**** Input data

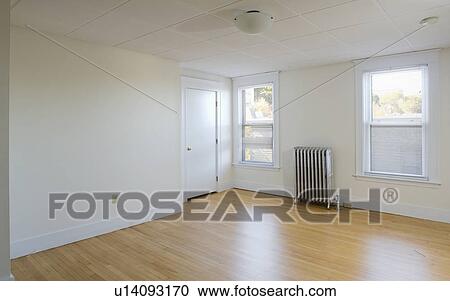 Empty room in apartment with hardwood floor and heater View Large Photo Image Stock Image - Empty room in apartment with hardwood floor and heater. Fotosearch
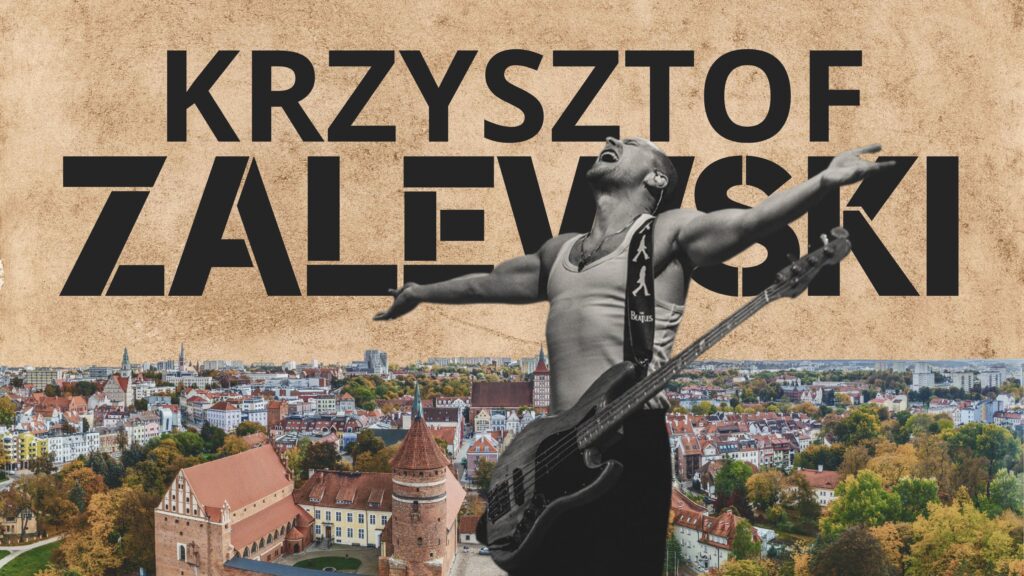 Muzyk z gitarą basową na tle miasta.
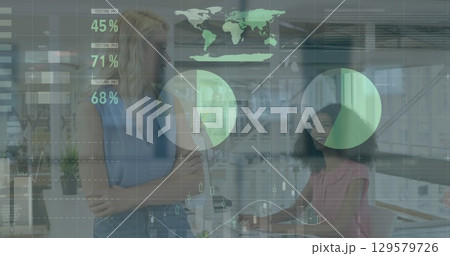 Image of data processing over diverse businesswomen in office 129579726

********
**** Input data

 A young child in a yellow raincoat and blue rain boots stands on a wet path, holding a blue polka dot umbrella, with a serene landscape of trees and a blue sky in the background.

********

### [Directions for this task]
The reply should hold exactly the lines above, starting at the line with "Muzyk z gitarą basową na tle miasta." and ending at the line with "Image of data", and no pictures.

### [Answer below]
 Muzyk z gitarą basową na tle miasta.
 Image of data processing over diverse businesswomen in office 129579726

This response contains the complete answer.